The difficulties of assigning Paenelimnoecus to a subfamily were mainly caused by the morphology of the p4, which plays an important role in the taxonomy of the Soricidae. The problem is that the oldest representative of Paenelimnoecus, P. micromorphus, retains p4 with a Y-shaped wear facet, as is found in Crocidosoricinae. Younger species are characterized by a reduced posterolingual arm, resulting in a p4 with a labial crest and a posterolingual basin, as found in Soricinae. Reumer (1992) resolved this situation by resurrecting the Allosoricinae, assuming that the development of the p4 in this subfamily paralleled the evolution of the Soricinae. Reumer (1992) also included the finds of Ziegler and Fahlbusch (1986), described as Limnoecus sp., in the genus Paenelimnoecus.

In his description of Paenelimnoecus obtusus from China, Storch (1995) classified the genus as Soricinae incertae sedis. Ziegler (2003) also preferred to place Paenelimnoecus in the Soricinae. Jin and Kawamura (1997) described a second species from China, P. chinensis.

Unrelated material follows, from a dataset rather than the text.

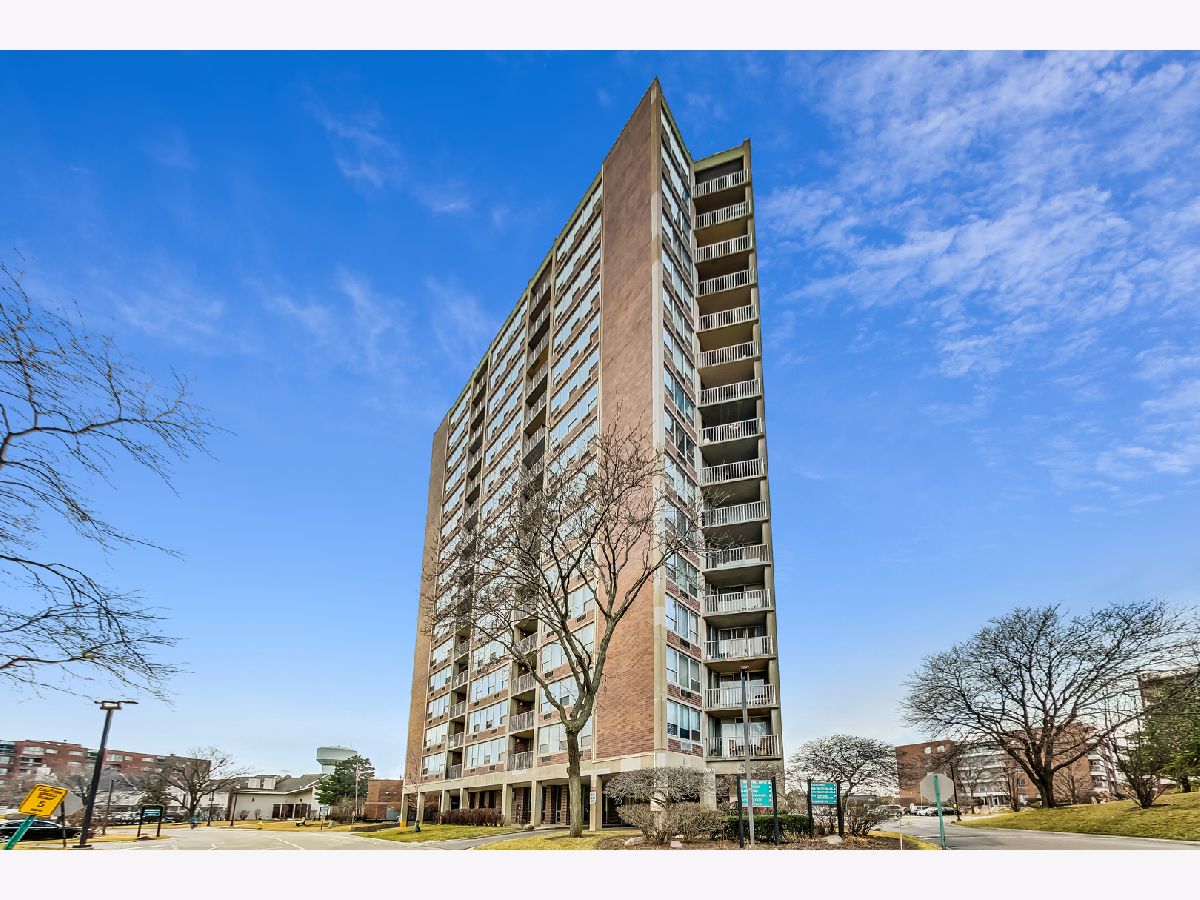 Triumvera Glenview IL, Condos & Townhomes For Sale & For Rent Sadie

Fejfar et al. (2006) suggested that Paenelimnoecus developed separately from Allosorex, and was better classified in a subfamily of its own, Paenelimnoecinae.

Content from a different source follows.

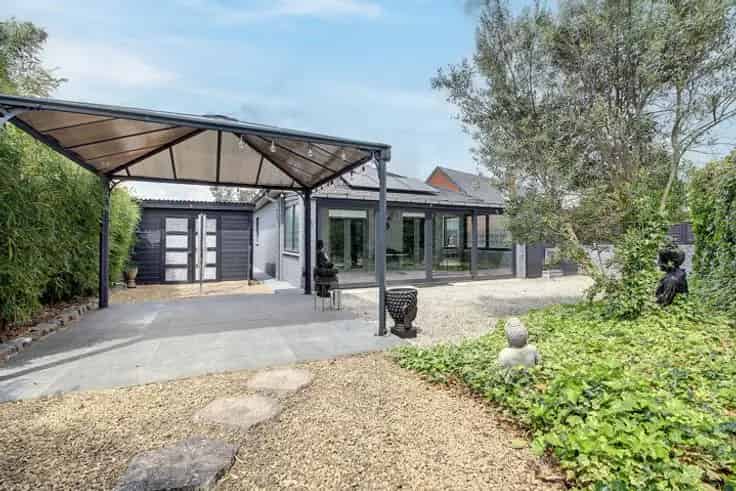 Gerenoveerde Bungalow 3 Slaapkamers Dubbele Garage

Apart from the matter of the subfamilial assignment, one loose end remained. All European species previously assigned to Limnoecus were transferred to Paenelimnoecus, with the exception of L. truyolsi. Ziegler (1989) considered it unlikely that “Limnoecustruyolsi is referable to Paenelimnoecus. Reumer (1994: 354), also putting the genus name in quotation marks, considered the species of “uncertain taxonomic affiliation”. Furió et al. (2007) suggested that it could be an intermediate form linking the Crocidosoricinae with the Soricinae, if not already a Soricinae itself, but indicated that further research was needed.

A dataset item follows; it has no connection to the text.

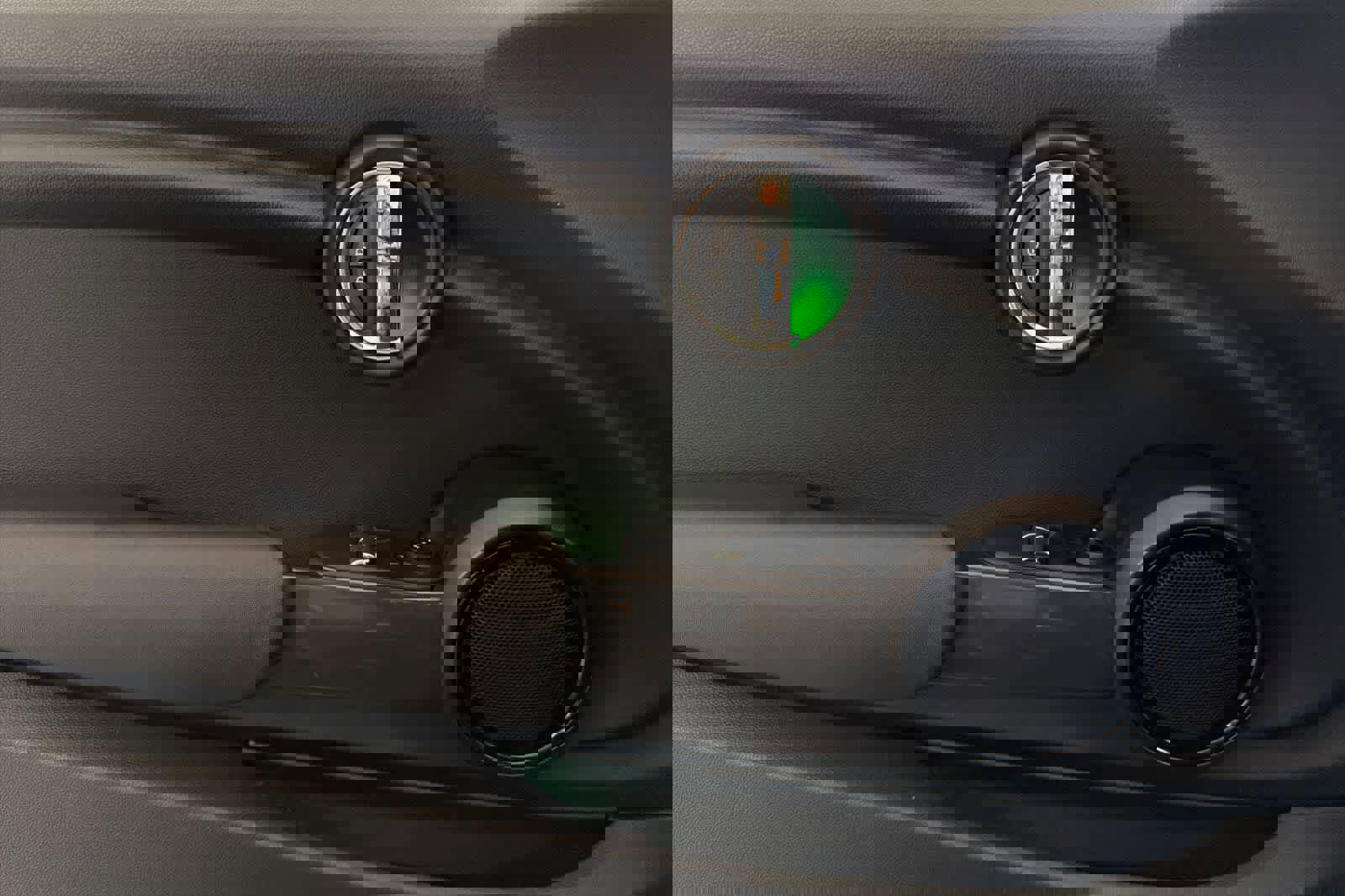 Used 2016 MINI Cooper 2-Door Hardtop image 12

The type locality of L. truyolsi, Villafeliche 4 (which was designated 4B, after a lower level at the same site was sampled), is in the Calatayud-Montalbán Basin (Spain). Gibert (1975b) listed the presence of the species in the nearby localities of Valdemoros 3B and Las Planas 4A. Since its description, the Calatayud-Montalbán Basin has become one of the best-sampled areas for micromammal fossils in the world (e.g., Daams et al. 1999), and includes the type sections for both the Ramblian and the Aragonian continental stages. Allosoricine finds from the basin are rare, but given the proximity to the type locality of Limnoecus truyolsi, any additional specimens could help elucidate the affinities of this puzzling species.

The material reported herein was collected in the Calatayud-Montalbán Basin (Spain) between 1975 and 1997 by Spanish/Dutch expeditions teams in varying compositions, involving the Universidad Complutense de Madrid, Museo Nacional de Ciencias Naturales-CSIC (Madrid), Utrecht University and Naturalis (Leiden). All localities are situated in the Villafeliche area (Aragonian type area), except for Moratilla 2, which is in the Calamocha area (Ramblian type area) (Fig. 1). The material from Vargas 1 and Villafeliche 4A is stored at RGM, that from San Marcos, Moratilla 2, Vargas 7 and Valdemoros 6B at MNCN, and the type specimen from Villafeliche 4B at ICP. The photographs of specimens (Fig. 2) were made on the Environmental Scanning Electron Microscope FEI Quanta 200 in environmental mode at the MNCN. In order to facilitate comparison, all specimens have been figured as left ones and at the same scale; hence, Fig. 2B and Fig. 2D are reversed.

Fig. 1.

Location of the Calatayud-Montalbán Basin in Spain and synthetic geology of the region. Areas for studied localities (Villafeliche area and Calamocha area) are indicated with square marks. Modified after Álvarez Sierra et al. (2003).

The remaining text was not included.